# [What the task asks]
I need the records below retyped exactly.
= = = = =
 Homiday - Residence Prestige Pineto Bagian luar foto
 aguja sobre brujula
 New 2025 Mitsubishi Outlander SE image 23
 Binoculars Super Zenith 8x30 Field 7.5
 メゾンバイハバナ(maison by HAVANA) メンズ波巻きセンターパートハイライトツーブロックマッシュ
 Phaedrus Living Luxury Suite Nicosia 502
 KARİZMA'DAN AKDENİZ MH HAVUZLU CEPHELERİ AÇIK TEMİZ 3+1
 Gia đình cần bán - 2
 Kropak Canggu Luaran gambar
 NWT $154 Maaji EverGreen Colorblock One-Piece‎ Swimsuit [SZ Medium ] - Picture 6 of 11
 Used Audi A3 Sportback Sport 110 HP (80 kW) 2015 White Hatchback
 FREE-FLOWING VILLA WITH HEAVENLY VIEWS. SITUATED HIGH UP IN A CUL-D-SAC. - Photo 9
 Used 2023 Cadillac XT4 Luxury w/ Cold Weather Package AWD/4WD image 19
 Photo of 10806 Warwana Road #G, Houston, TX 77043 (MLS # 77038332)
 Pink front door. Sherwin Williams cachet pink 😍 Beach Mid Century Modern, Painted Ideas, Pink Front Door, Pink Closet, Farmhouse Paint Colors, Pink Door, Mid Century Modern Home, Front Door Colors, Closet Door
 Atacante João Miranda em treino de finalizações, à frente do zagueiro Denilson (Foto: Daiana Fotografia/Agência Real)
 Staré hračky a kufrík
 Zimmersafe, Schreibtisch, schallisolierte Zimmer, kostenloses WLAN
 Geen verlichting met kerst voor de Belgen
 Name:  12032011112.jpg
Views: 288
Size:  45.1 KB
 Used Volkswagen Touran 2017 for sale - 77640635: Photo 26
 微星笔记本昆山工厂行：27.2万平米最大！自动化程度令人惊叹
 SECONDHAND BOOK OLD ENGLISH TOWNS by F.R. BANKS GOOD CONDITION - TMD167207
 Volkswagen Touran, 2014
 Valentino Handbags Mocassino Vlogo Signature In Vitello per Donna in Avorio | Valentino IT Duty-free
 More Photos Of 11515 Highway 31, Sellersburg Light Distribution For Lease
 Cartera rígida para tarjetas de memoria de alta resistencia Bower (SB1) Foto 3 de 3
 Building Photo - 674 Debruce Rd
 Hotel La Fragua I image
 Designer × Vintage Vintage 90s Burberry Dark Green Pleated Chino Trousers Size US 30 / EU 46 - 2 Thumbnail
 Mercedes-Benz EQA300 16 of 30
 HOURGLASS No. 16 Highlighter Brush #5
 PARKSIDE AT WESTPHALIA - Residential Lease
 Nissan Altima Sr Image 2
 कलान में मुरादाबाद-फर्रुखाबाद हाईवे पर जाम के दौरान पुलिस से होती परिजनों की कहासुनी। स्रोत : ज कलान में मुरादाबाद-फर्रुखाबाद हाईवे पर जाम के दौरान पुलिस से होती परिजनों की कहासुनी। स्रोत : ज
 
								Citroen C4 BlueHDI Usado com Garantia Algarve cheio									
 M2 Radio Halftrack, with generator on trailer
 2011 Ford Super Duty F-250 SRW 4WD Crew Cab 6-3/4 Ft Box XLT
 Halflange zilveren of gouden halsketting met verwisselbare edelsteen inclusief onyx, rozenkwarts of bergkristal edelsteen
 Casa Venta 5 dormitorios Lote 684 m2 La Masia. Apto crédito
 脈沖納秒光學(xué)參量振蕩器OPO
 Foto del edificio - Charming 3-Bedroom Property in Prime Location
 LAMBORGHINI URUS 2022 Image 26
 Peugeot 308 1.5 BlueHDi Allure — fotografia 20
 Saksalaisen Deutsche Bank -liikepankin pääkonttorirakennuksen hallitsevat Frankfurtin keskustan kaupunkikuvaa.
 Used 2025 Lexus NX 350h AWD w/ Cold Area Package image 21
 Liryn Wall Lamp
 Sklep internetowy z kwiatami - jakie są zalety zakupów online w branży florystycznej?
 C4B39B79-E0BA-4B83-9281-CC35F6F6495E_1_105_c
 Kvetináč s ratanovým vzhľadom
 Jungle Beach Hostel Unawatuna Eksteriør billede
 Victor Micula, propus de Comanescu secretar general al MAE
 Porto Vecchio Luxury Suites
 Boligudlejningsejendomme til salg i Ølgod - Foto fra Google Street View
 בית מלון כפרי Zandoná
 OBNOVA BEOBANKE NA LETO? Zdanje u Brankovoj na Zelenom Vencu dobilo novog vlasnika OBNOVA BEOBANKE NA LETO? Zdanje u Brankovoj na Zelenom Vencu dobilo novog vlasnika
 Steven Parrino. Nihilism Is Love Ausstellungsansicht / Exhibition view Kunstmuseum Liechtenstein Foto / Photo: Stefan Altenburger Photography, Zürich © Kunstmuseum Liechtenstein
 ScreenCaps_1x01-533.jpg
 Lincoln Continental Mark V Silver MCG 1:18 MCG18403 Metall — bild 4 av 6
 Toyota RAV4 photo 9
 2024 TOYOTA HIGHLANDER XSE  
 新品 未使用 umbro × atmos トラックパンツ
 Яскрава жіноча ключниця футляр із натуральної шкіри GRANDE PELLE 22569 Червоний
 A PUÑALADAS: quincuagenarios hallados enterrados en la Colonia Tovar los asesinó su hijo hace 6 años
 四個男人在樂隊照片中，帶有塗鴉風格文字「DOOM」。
= = = = =
# [Response]
 Homiday - Residence Prestige Pineto Bagian luar foto
 aguja sobre brujula
 New 2025 Mitsubishi Outlander SE image 23
 Binoculars Super Zenith 8x30 Field 7.5
 メゾンバイハバナ(maison by HAVANA) メンズ波巻きセンターパートハイライトツーブロックマッシュ
 Phaedrus Living Luxury Suite Nicosia 502
 KARİZMA'DAN AKDENİZ MH HAVUZLU CEPHELERİ AÇIK TEMİZ 3+1
 Gia đình cần bán - 2
 Kropak Canggu Luaran gambar
 NWT $154 Maaji EverGreen Colorblock One-Piece‎ Swimsuit [SZ Medium ] - Picture 6 of 11
 Used Audi A3 Sportback Sport 110 HP (80 kW) 2015 White Hatchback
 FREE-FLOWING VILLA WITH HEAVENLY VIEWS. SITUATED HIGH UP IN A CUL-D-SAC. - Photo 9
 Used 2023 Cadillac XT4 Luxury w/ Cold Weather Package AWD/4WD image 19
 Photo of 10806 Warwana Road #G, Houston, TX 77043 (MLS # 77038332)
 Pink front door. Sherwin Williams cachet pink 😍 Beach Mid Century Modern, Painted Ideas, Pink Front Door, Pink Closet, Farmhouse Paint Colors, Pink Door, Mid Century Modern Home, Front Door Colors, Closet Door
 Atacante João Miranda em treino de finalizações, à frente do zagueiro Denilson (Foto: Daiana Fotografia/Agência Real)
 Staré hračky a kufrík
 Zimmersafe, Schreibtisch, schallisolierte Zimmer, kostenloses WLAN
 Geen verlichting met kerst voor de Belgen
 Name:  12032011112.jpg
Views: 288
Size:  45.1 KB
 Used Volkswagen Touran 2017 for sale - 77640635: Photo 26
 微星笔记本昆山工厂行：27.2万平米最大！自动化程度令人惊叹
 SECONDHAND BOOK OLD ENGLISH TOWNS by F.R. BANKS GOOD CONDITION - TMD167207
 Volkswagen Touran, 2014
 Valentino Handbags Mocassino Vlogo Signature In Vitello per Donna in Avorio | Valentino IT Duty-free
 More Photos Of 11515 Highway 31, Sellersburg Light Distribution For Lease
 Cartera rígida para tarjetas de memoria de alta resistencia Bower (SB1) Foto 3 de 3
 Building Photo - 674 Debruce Rd
 Hotel La Fragua I image
 Designer × Vintage Vintage 90s Burberry Dark Green Pleated Chino Trousers Size US 30 / EU 46 - 2 Thumbnail
 Mercedes-Benz EQA300 16 of 30
 HOURGLASS No. 16 Highlighter Brush #5
 PARKSIDE AT WESTPHALIA - Residential Lease
 Nissan Altima Sr Image 2
 कलान में मुरादाबाद-फर्रुखाबाद हाईवे पर जाम के दौरान पुलिस से होती परिजनों की कहासुनी। स्रोत : ज कलान में मुरादाबाद-फर्रुखाबाद हाईवे पर जाम के दौरान पुलिस से होती परिजनों की कहासुनी। स्रोत : ज
 
								Citroen C4 BlueHDI Usado com Garantia Algarve cheio									
 M2 Radio Halftrack, with generator on trailer
 2011 Ford Super Duty F-250 SRW 4WD Crew Cab 6-3/4 Ft Box XLT
 Halflange zilveren of gouden halsketting met verwisselbare edelsteen inclusief onyx, rozenkwarts of bergkristal edelsteen
 Casa Venta 5 dormitorios Lote 684 m2 La Masia. Apto crédito
 脈沖納秒光學(xué)參量振蕩器OPO
 Foto del edificio - Charming 3-Bedroom Property in Prime Location
 LAMBORGHINI URUS 2022 Image 26
 Peugeot 308 1.5 BlueHDi Allure — fotografia 20
 Saksalaisen Deutsche Bank -liikepankin pääkonttorirakennuksen hallitsevat Frankfurtin keskustan kaupunkikuvaa.
 Used 2025 Lexus NX 350h AWD w/ Cold Area Package image 21
 Liryn Wall Lamp
 Sklep internetowy z kwiatami - jakie są zalety zakupów online w branży florystycznej?
 C4B39B79-E0BA-4B83-9281-CC35F6F6495E_1_105_c
 Kvetináč s ratanovým vzhľadom
 Jungle Beach Hostel Unawatuna Eksteriør billede
 Victor Micula, propus de Comanescu secretar general al MAE
 Porto Vecchio Luxury Suites
 Boligudlejningsejendomme til salg i Ølgod - Foto fra Google Street View
 בית מלון כפרי Zandoná
 OBNOVA BEOBANKE NA LETO? Zdanje u Brankovoj na Zelenom Vencu dobilo novog vlasnika OBNOVA BEOBANKE NA LETO? Zdanje u Brankovoj na Zelenom Vencu dobilo novog vlasnika
 Steven Parrino. Nihilism Is Love Ausstellungsansicht / Exhibition view Kunstmuseum Liechtenstein Foto / Photo: Stefan Altenburger Photography, Zürich © Kunstmuseum Liechtenstein
 ScreenCaps_1x01-533.jpg
 Lincoln Continental Mark V Silver MCG 1:18 MCG18403 Metall — bild 4 av 6
 Toyota RAV4 photo 9
 2024 TOYOTA HIGHLANDER XSE  
 新品 未使用 umbro × atmos トラックパンツ
 Яскрава жіноча ключниця футляр із натуральної шкіри GRANDE PELLE 22569 Червоний
 A PUÑALADAS: quincuagenarios hallados enterrados en la Colonia Tovar los asesinó su hijo hace 6 años
 四個男人在樂隊照片中，帶有塗鴉風格文字「DOOM」。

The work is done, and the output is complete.